Dataset records
---
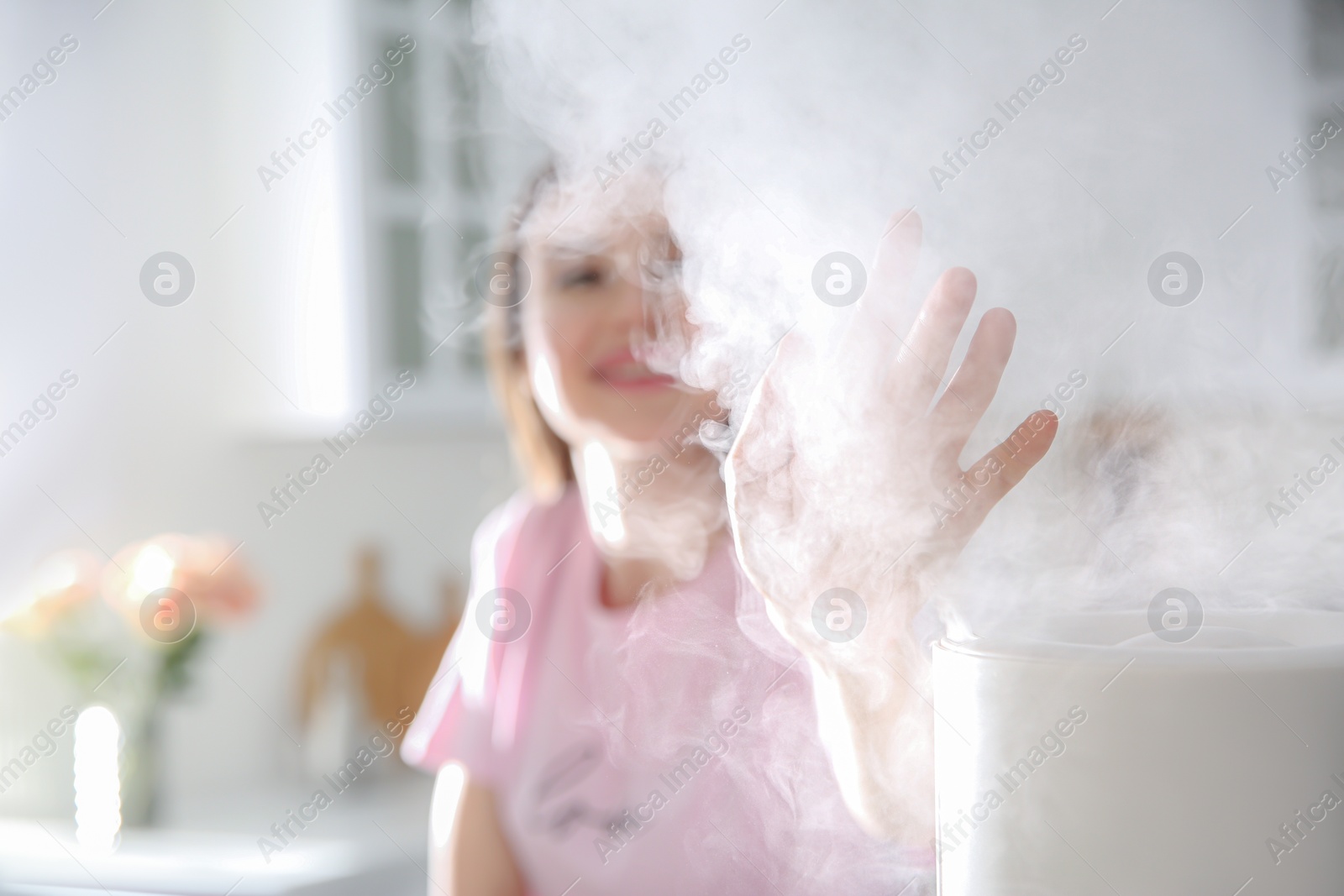 Photo of Woman near modern air humidifier in kitchen, focus on hand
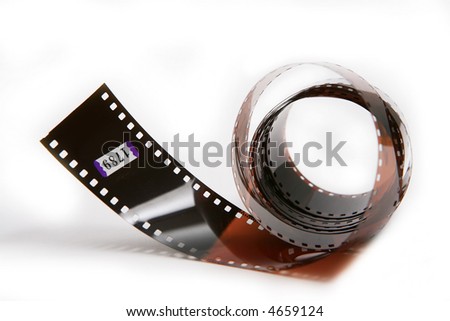 Closeup image of curling 35mm film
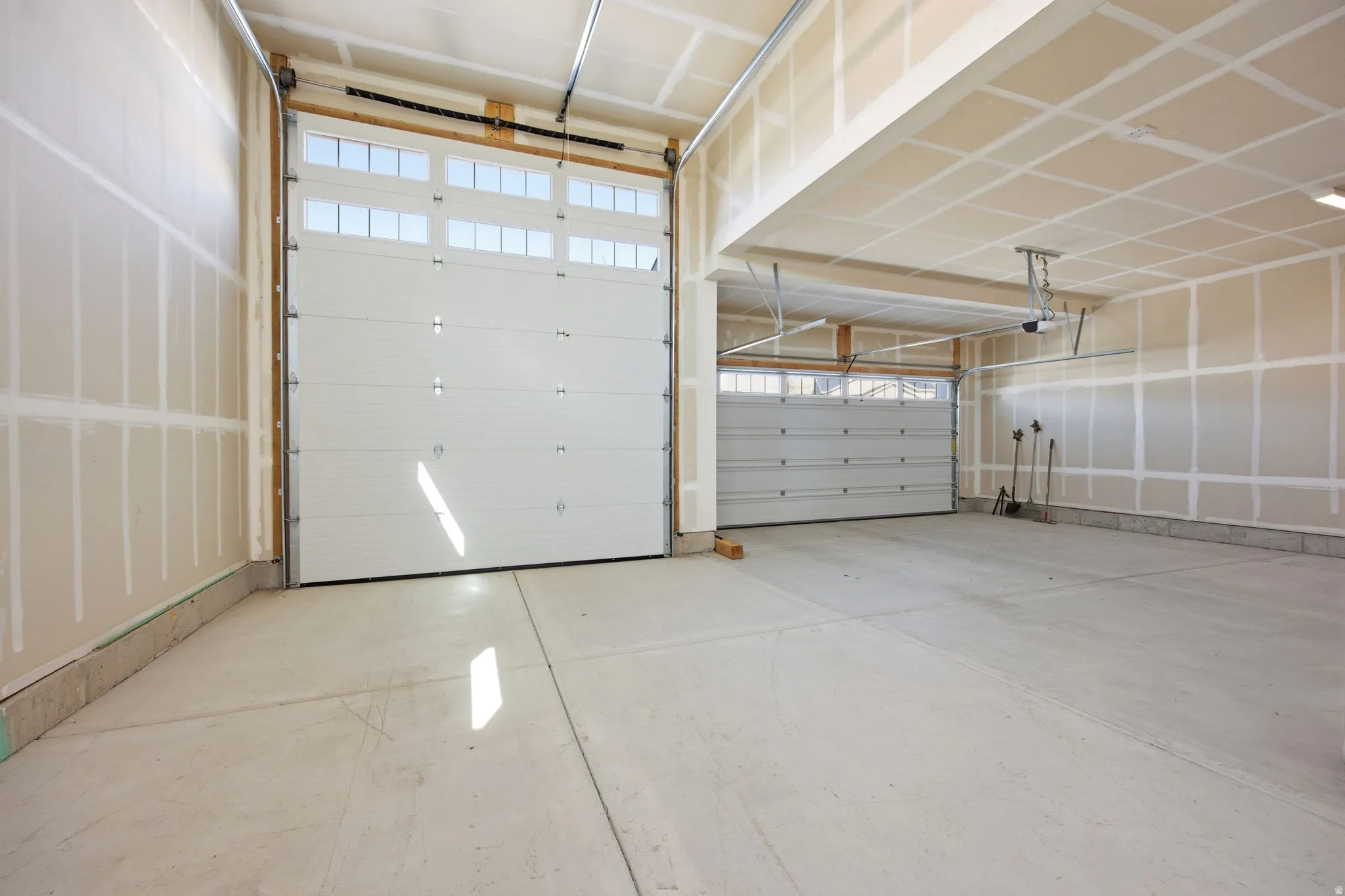Three-car garage featuring concrete flooring, a large white garage door with upper window panels, a second garage door, and unfinished interior walls
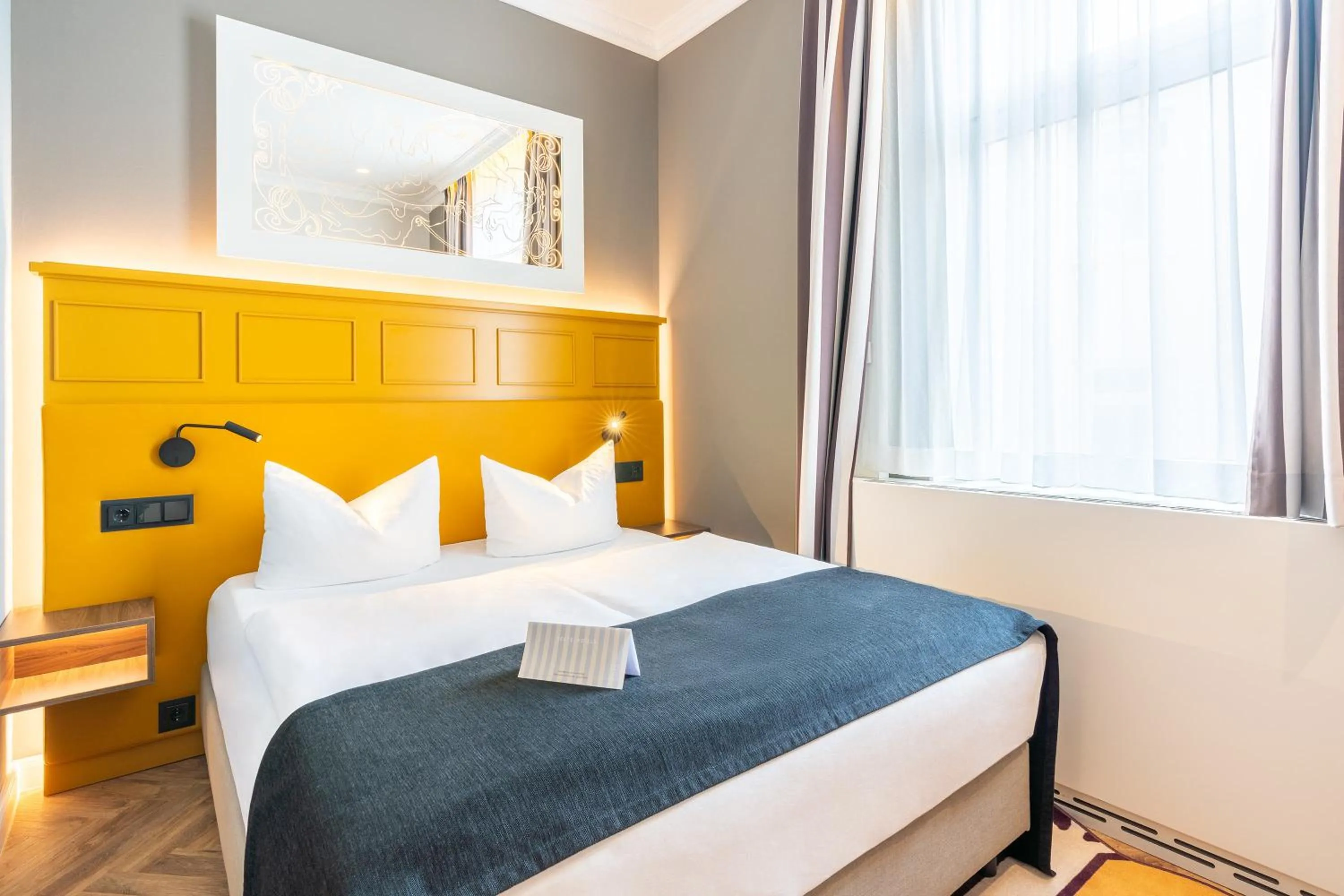 Photo of the whole room, Bed in SEETELHOTEL Ostseehotel das Entdeckerhotel an der Ostsee und der perfekte Startpunkt für Ihre Inselabenteuer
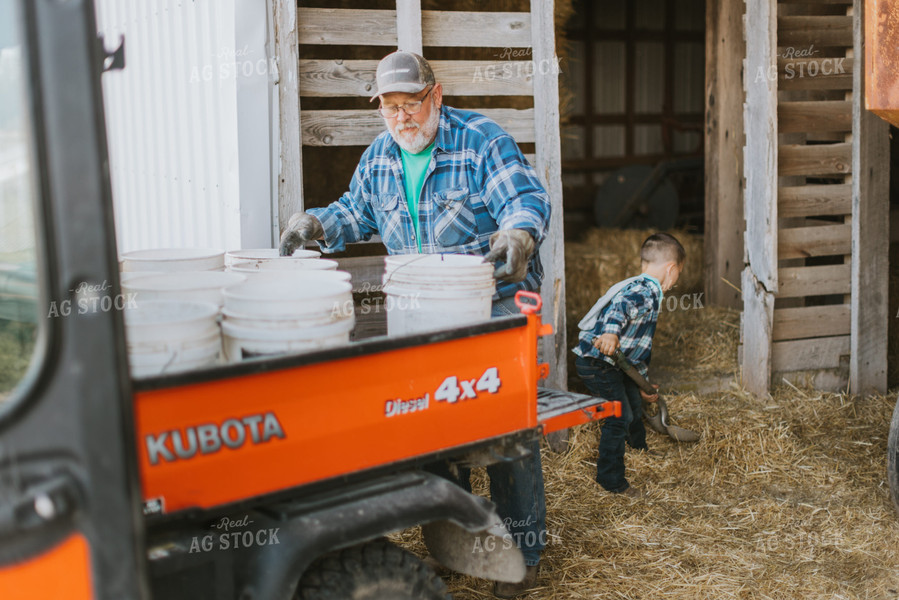 Farmer and Farm Kid Doing Chores 7396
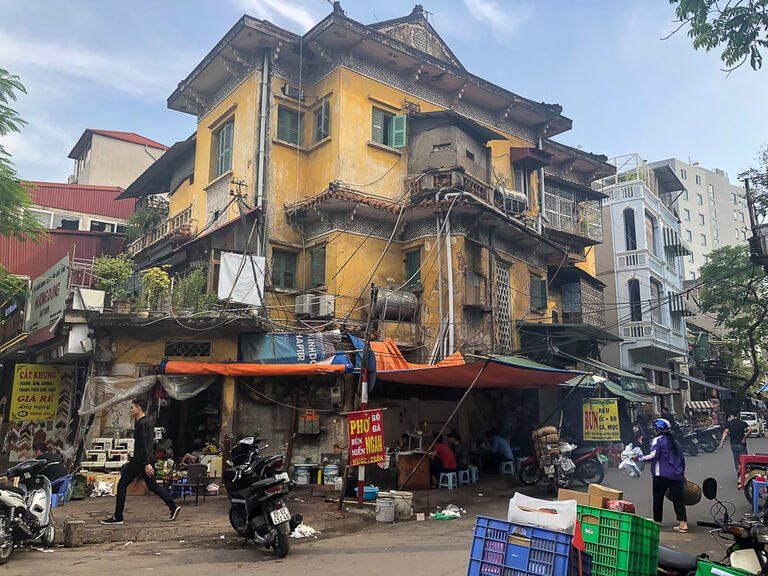 why 2 days is enough in Hanoi rundown buildings and junk scattered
---
EXERCISE
A faithful, complete copy of the entries is required, without the pictures.

WRITTEN REPLY
 Photo of Woman near modern air humidifier in kitchen, focus on hand
 Closeup image of curling 35mm film
Three-car garage featuring concrete flooring, a large white garage door with upper window panels, a second garage door, and unfinished interior walls
 Photo of the whole room, Bed in SEETELHOTEL Ostseehotel das Entdeckerhotel an der Ostsee und der perfekte Startpunkt für Ihre Inselabenteuer
 Farmer and Farm Kid Doing Chores 7396
 why 2 days is enough in Hanoi rundown buildings and junk scattered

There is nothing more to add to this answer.